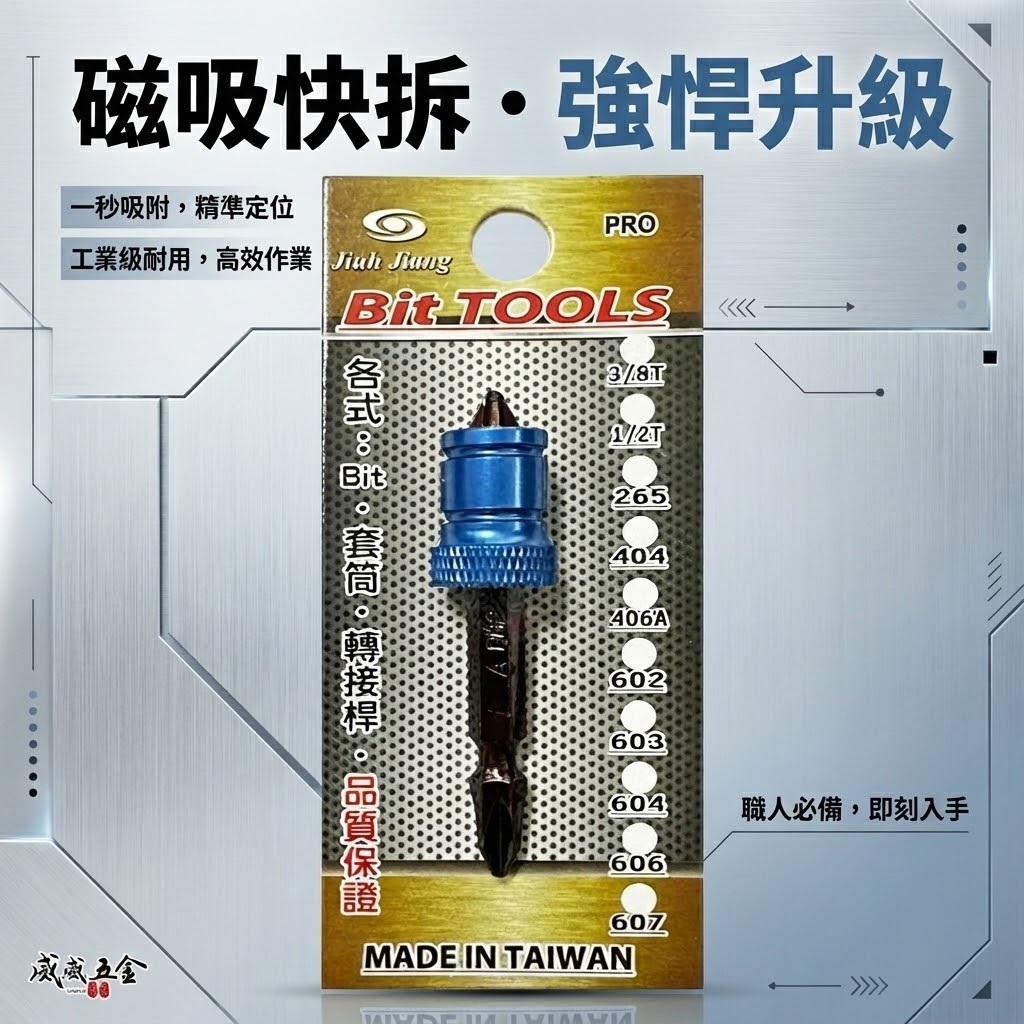 出清｜台灣製 巨匠｜磁鐵套筒+起子頭｜磁鐵增磁器 六角起子頭吸住器 磁性起子套筒 固定螺絲器 磁鐵螺絲吸住器｜JJ265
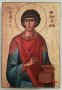 Икона на Свети Пантелеймон icona Sveti Panteleimon, снимка 1 - Икони - 13472898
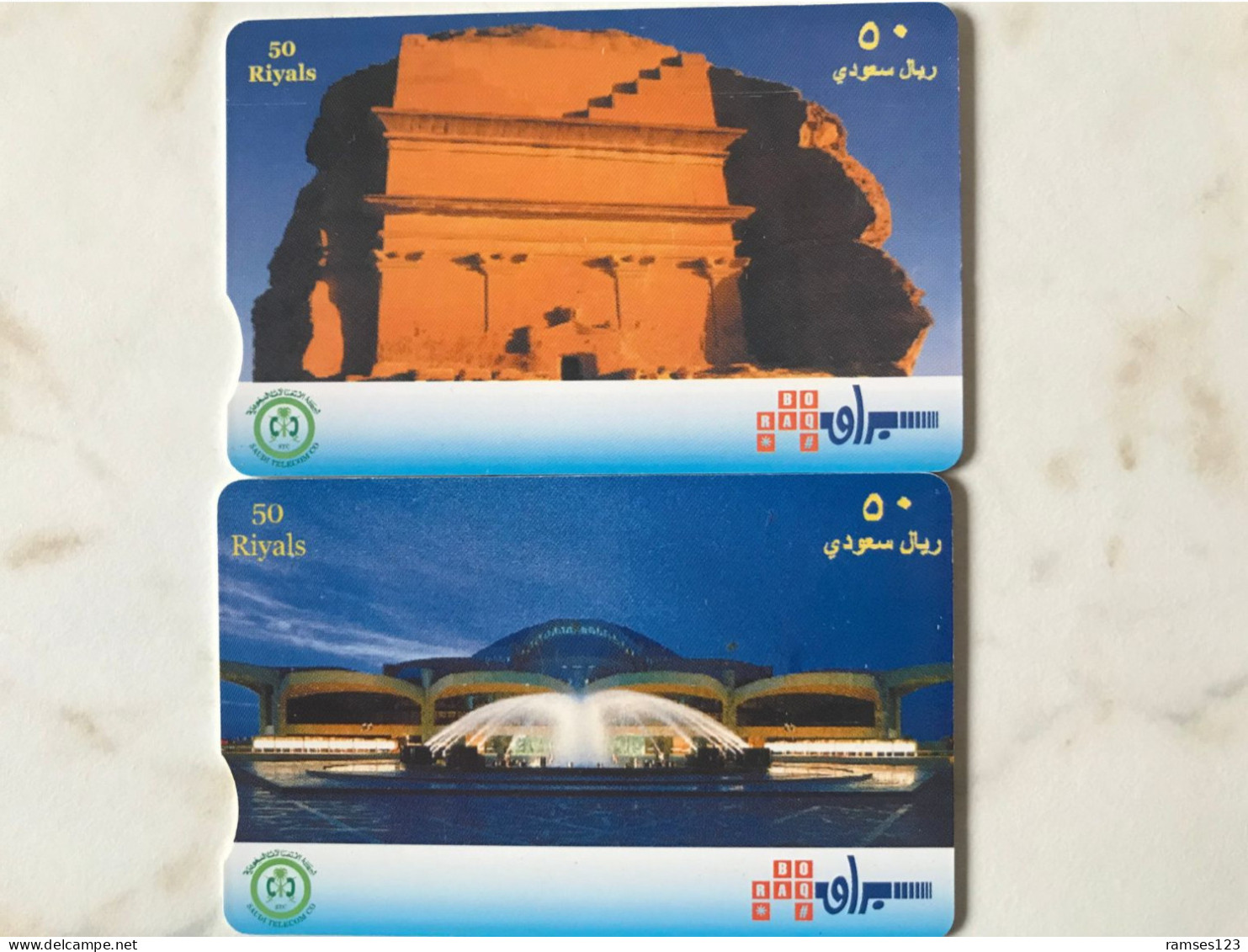 ARABIE SAOUDITE 2 CARDS - Saudi-Arabien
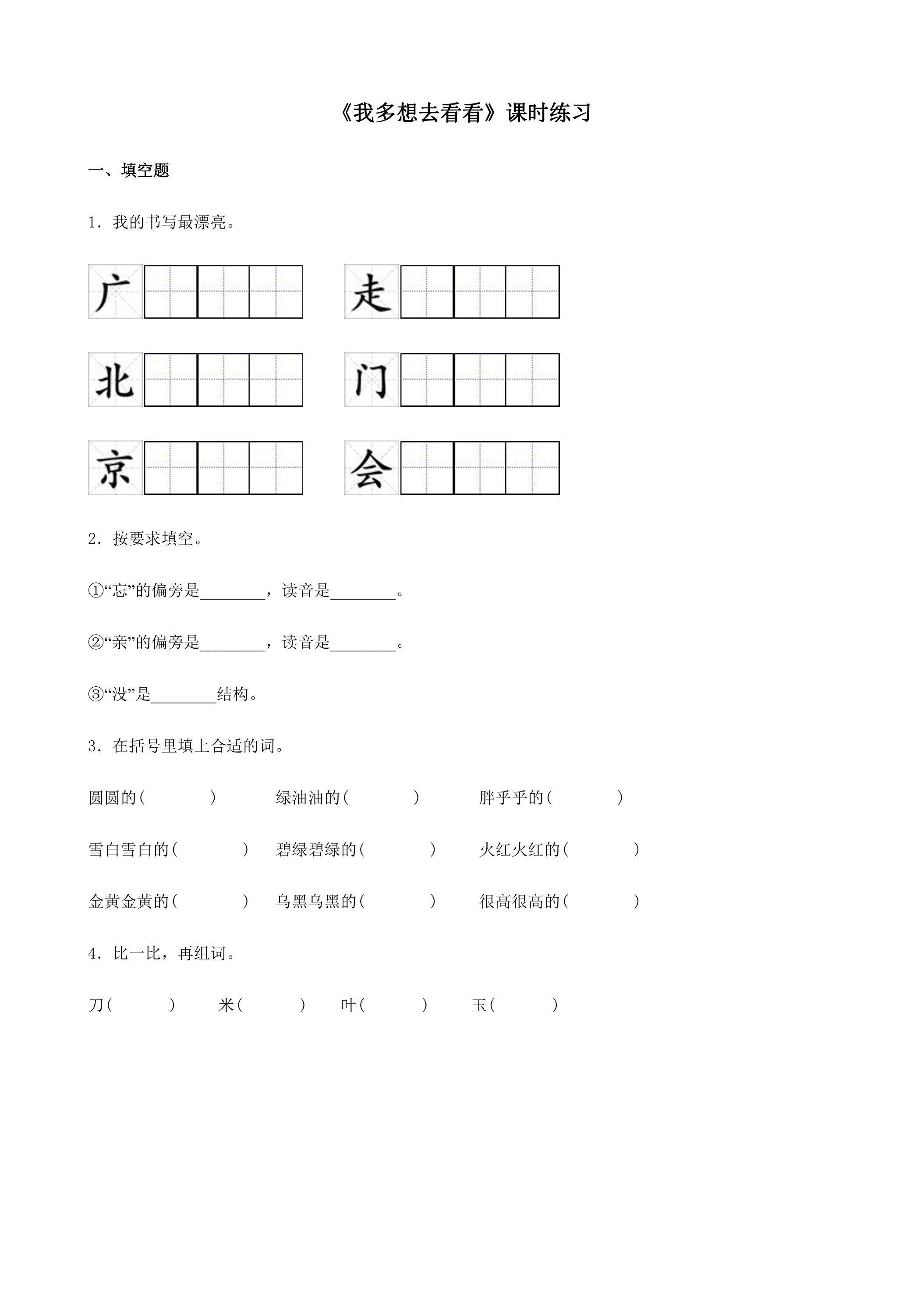 我多想去看看课时练习02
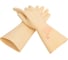 Перчатки диэлектрические Мерион класс 1 ГОСТ 12.4.307-2016 размер 3(10) ПЕР122.3 1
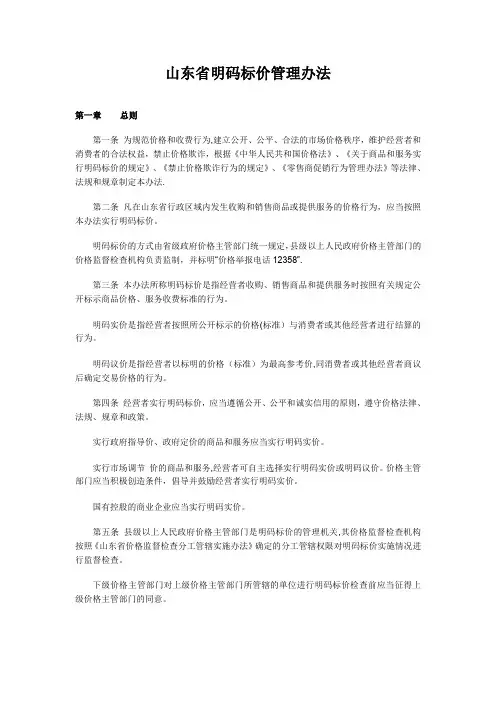 山东省明码标价管理办法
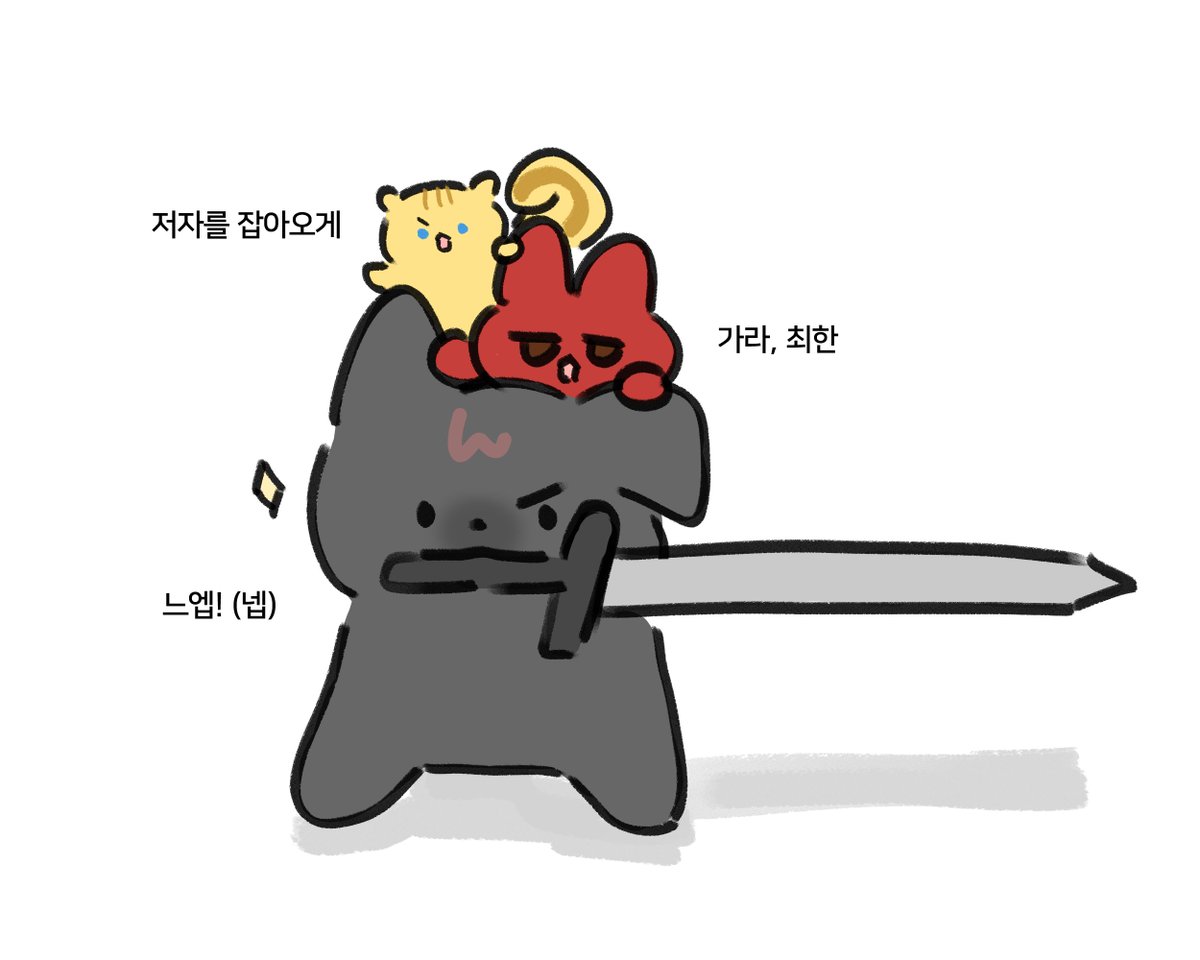haite1219's tweet photo. 최한 위에 케일 위에 알베르 https://t.co/qz4F1Metq4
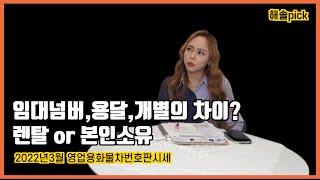 [해솔pick]영업용화물차 노란번호판 종류/임대,용달,개별?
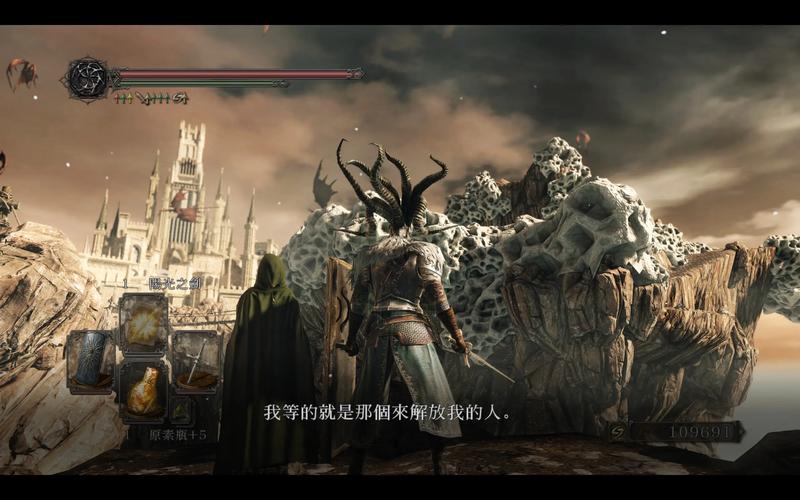 gameplay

******

## Activity:
Extract all the data above exactly, excluding every picture.

## Expected output:
 出清｜台灣製 巨匠｜磁鐵套筒+起子頭｜磁鐵增磁器 六角起子頭吸住器 磁性起子套筒 固定螺絲器 磁鐵螺絲吸住器｜JJ265
 Икона на Свети Пантелеймон icona Sveti Panteleimon, снимка 1 - Икони - 13472898
 ARABIE SAOUDITE 2 CARDS - Saudi-Arabien
 我多想去看看课时练习02
 Перчатки диэлектрические Мерион класс 1 ГОСТ 12.4.307-2016 размер 3(10) ПЕР122.3 1
 山东省明码标价管理办法
haite1219's tweet photo. 최한 위에 케일 위에 알베르 https://t.co/qz4F1Metq4
 [해솔pick]영업용화물차 노란번호판 종류/임대,용달,개별?
 gameplay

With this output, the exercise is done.